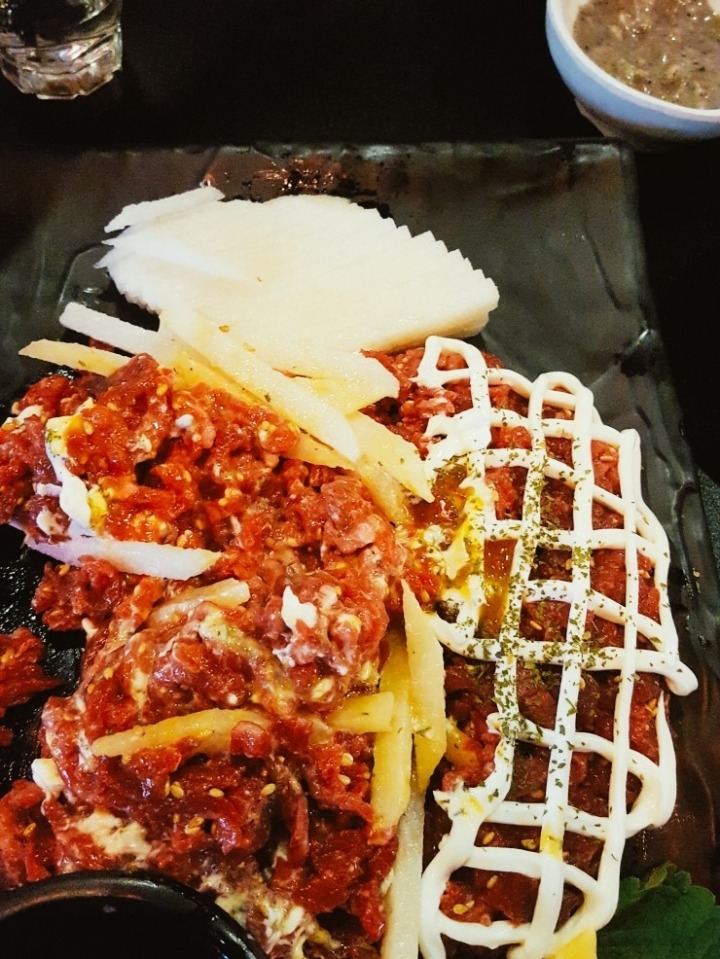 요즘 인기폭발이라는 치즈 크림 육회...jpg | 인스티즈
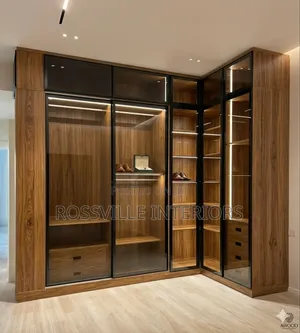 Classic Wardrobe – Neat Interior Smooth Finishing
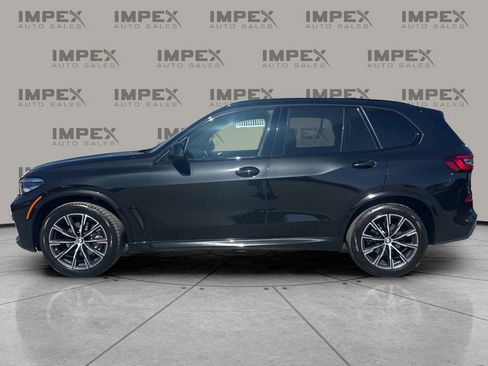 Used 2023 BMW X5 xDrive40i w/ M Sport Package image 2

(Task objective) When you restate the listing above, give each line word for word but leave out every image.

(Solved exercise)
 요즘 인기폭발이라는 치즈 크림 육회...jpg | 인스티즈
 Classic Wardrobe – Neat Interior Smooth Finishing
 Used 2023 BMW X5 xDrive40i w/ M Sport Package image 2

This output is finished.